非日常の持つ危うさを、冒険として楽しめる心持ち。
— コバヤシ (@lastbreath0902) 2018年4月9日
それは『子供』の特権で、よくも悪くも全体像が見えてしまう『大人』は安全距離を保ってしまう、ということかもしれん。
全体的にしっかりしてきてるけど、まだまださくらちゃん怪獣力高いからなぁ…背びれも光るし。
桃矢くんが秘匿することで守ろうとするものを、さくらは当事者として切り込んでいくことで解決していく。

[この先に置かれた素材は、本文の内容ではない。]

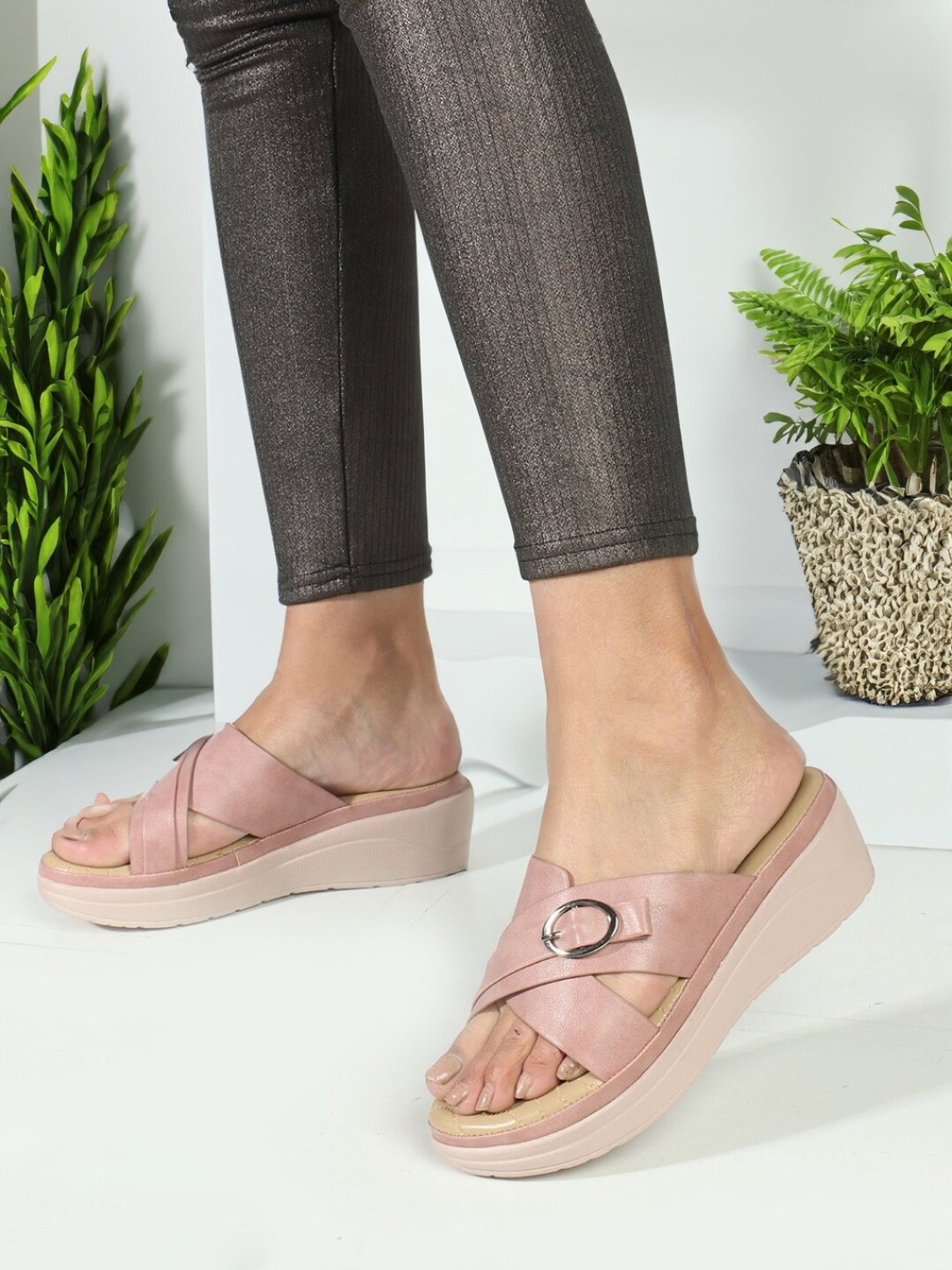 

ICONICS Textured Open Toe Buckles Detail Flatform, Peach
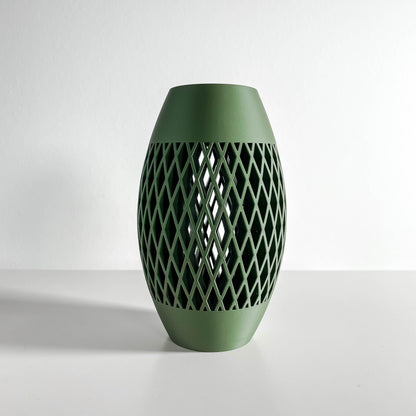 Contemporary Vase, Ribbed Tabletop Flower Holder, Nordic Homestyle Accent, Elegant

— コバヤシ (@lastbreath0902) 2018年4月9日
主役と保護者、妹と兄。それぞれの立場の違いが、真実や魔術とどう向き合うかの変化を生む。それを見せる触媒として、今回のユエとメイリンはいい仕事をしていた。
男たちが愛ゆえに隠すものを、少女がどう見るか。
— コバヤシ (@lastbreath0902) 2018年4月9日
明瞭に自分の意志を保って事件に飛び込むさくらと、物語の微睡みの中で全体像を把握できない秋穂。よく似た二人の立場も、微妙に食い違っている。
これが噛み合ったとき、事変は真相へ至り解決されるのだろう。
その為の事前準備として、少女の心、それを取り巻く人々との現状を、柔らかにスケッチする回でした。
— コバヤシ (@lastbreath0902) 2018年4月9日
そんなハードコアな事件を起こさない正統派魔法少女物語であることが、じっくりキャラの気持ちに分け入り、世界を描画するきめ細かさに繋がっていて、ゆったりした気分で見れますね。
あんまりまったりし過ぎて眠ってしまわぬよう、適度に揺らしてくる心配りもあって。猫耳幻影の謎は次回に持ち越しですが、さてはてどうなるか。第2クール目のクリアカード編も、非常に楽しみです。